I recently held a town hall meeting in Greenland to provide local officials and community members an opportunity to discuss the future of Great Bay and innovative ways to reduce nitrogen and other sources of pollution. The event was not intended to criticize or point fingers, but to discuss ways to save Great Bay.
One gentleman asked me to seek federal help for wastewater treatment, and I agreed that there is an appropriate role for the federal government to play, since the Great Bay is a national resource. America's coastline belongs to all of us, and to our future citizens, and we must protect it.
I love our bay. I have spent many hours of my life around it, first as a kid, and then with my own children. I believe Great Bay is a natural treasure and that federal and local governments must work together, along with individuals and groups, to prevent Great Bay from becoming permanently damaged like the Chesapeake Bay or Long Island Sound.
While the Greenland forum itself was not about funding, a number of people and some newspaper editors have wondered why I don't simply fight for federal money to support local wastewater treatment facilities that will reduce nitrogen, or at least stop "allowing" the federal government to set acceptable rates for nitrogen and leave the costs up to the state and local communities. I share concerns about the cost of these projects for local communities, and I have consistently fought for increased federal resources to address challenges surrounding environmental and water protection.

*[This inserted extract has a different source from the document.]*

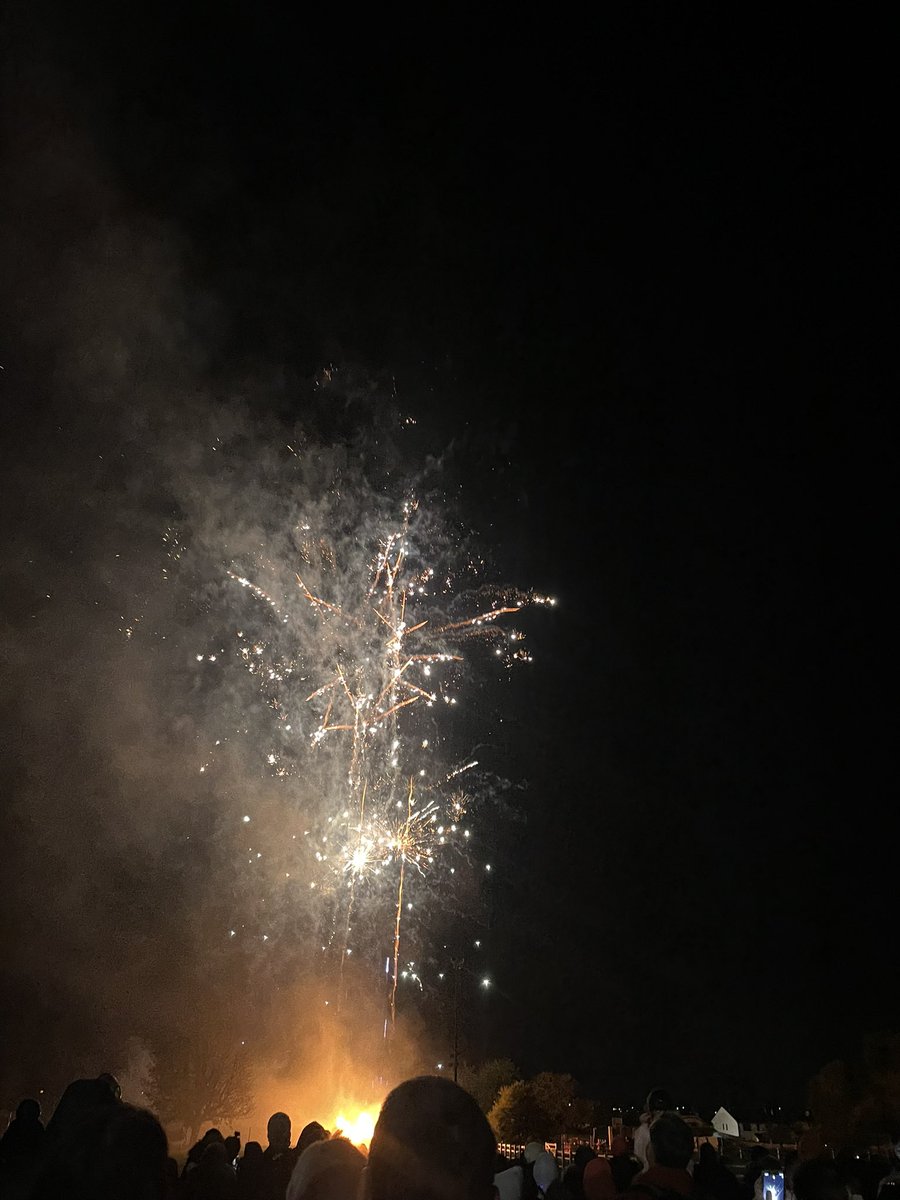 bhampshire39's tweet image. Another event tonight dovercourt fire works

In my first two terms, I was able to secure federal funds to help communities with environmental challenges, including the costs of wastewater treatment. I stand behind these projects, and I believe that Great Bay should be another example of Congress stepping up to the plate and helping local communities.

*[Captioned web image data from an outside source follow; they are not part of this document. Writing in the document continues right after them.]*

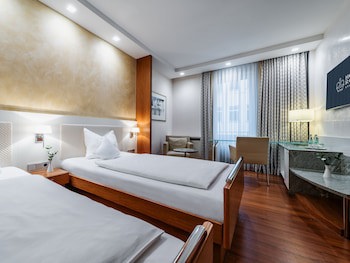 Hotel Royal galeri fotoğrafı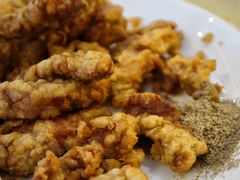 -喜乐餐厅•灯笼虾球首创者•本地小海鲜(二马路店)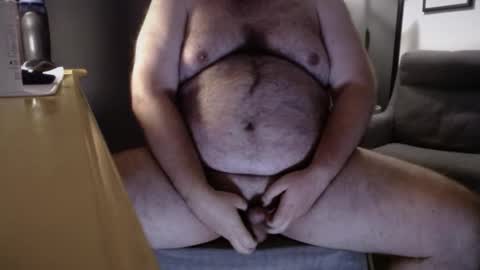 GoonFather online show from 03-22-26, 11:41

The federal funds that I secured were direct appropriation requests, or "earmarks," the much vilified congressionally directed appropriations that helped return taxpayer money to local communities.
Even though the 110th Congress cleaned up the often-abused earmark process to make it transparent, the 112th Congress banned them. It is now up to federal agencies to make funding decisions. I always felt that it was better to allow members of Congress, the people who know their districts best, to submit transparent funding requests for particular projects. Former Sen. Judd Gregg and I often made the same requests to help our state's environment because these issues transcend politics. But now, members of Congress can only make "programmatic requests." They are not allowed to name particular projects or communities (such as "Great Bay" or "Portsmouth") to receive funding.

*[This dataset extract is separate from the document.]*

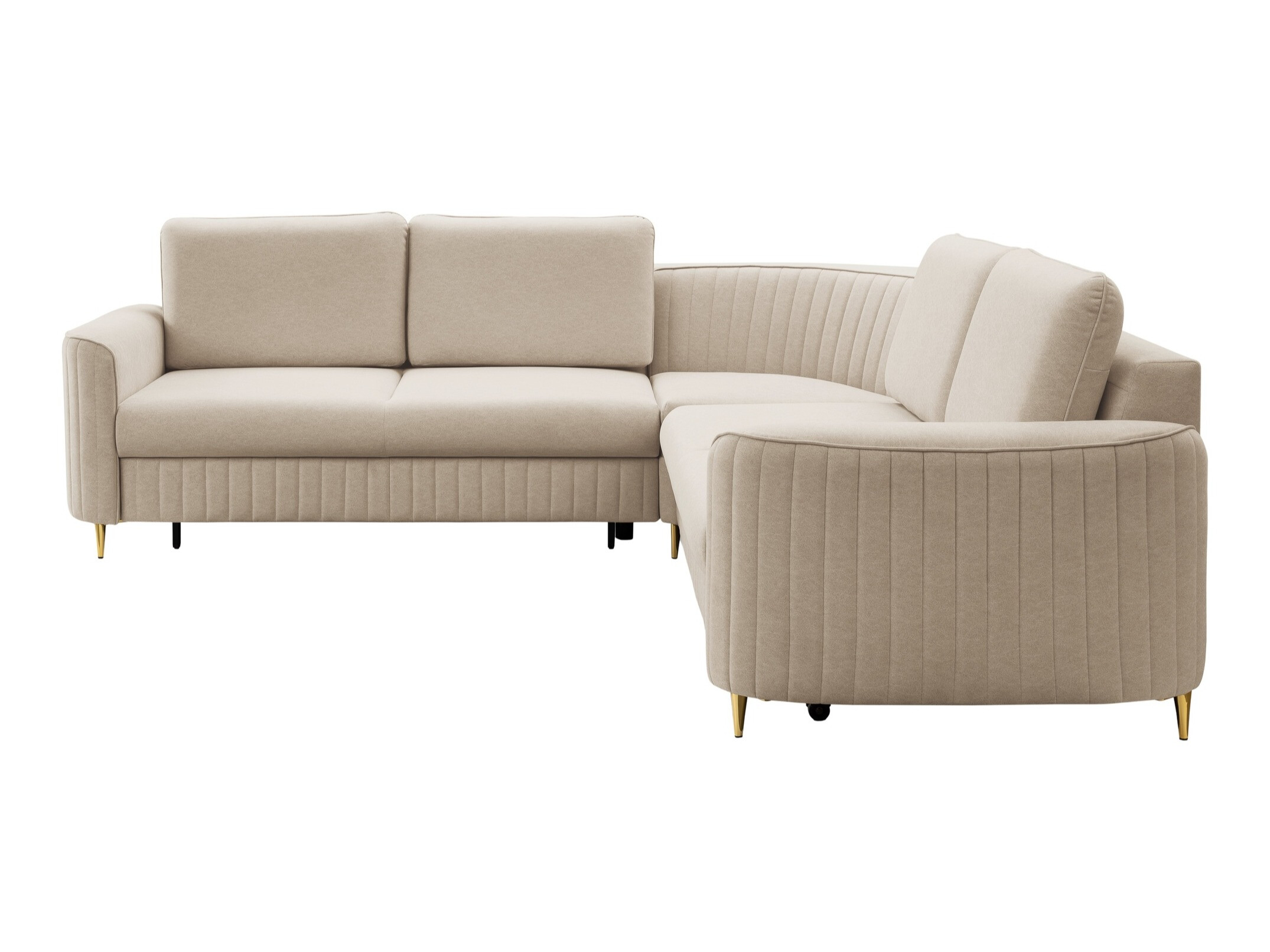Ugaona sofa Kingston 157 (Castel 15)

I can and still do strongly advocate for our district with the EPA and other federal agencies. I support the Clean Water and Drinking Water State Revolving Loan Fund, which could provide federal resources to help our local communities as they upgrade water treatment plants. I believe the Water Resources Research Act — which would help water research institutes conduct studies on water supplies and ways of addressing water problems — should be fully funded this year. And I believe that Congress should continue to invest in the National Estuaries Program to help ensure the ecological and economic viability of America's estuaries. This funding could help local communities as they work to protect Great Bay, but without congressionally directed appropriations, there is no guarantee that this funding will go to towns in our district.
There is another challenge facing communities in need of funding to protect Great Bay — sequestration. The arbitrary and reckless cuts that slow economic growth have wreaked havoc on funds meant to support community improvement projects. Since 2010, including the cuts from sequestration, the EPA's budget has been slashed by more than 20 percent. I do not support sequestration. I believe it's a terrible policy, and I've cosponsored legislation that would cancel sequestration and replace it with a balanced approach to deficit reduction.
I believe the communities surrounding Great Bay are worthy of federal support. And I will continue to advocate for funding that helps them overcome the fiscal challenges they face in protecting Great Bay. But we need a Congress that has the courage to end sequestration and compromise on a responsible budget that protects programs vital to communities and makes tough choices about spending we don't need. We agree that we are all stewards of this Great Bay, and that our legacy must be a bay that is teeming with life, clean enough to sail or fish in, and inspiring enough to take one's breath away.
Carol Shea-Porter represents New Hampshire's First District in Congress.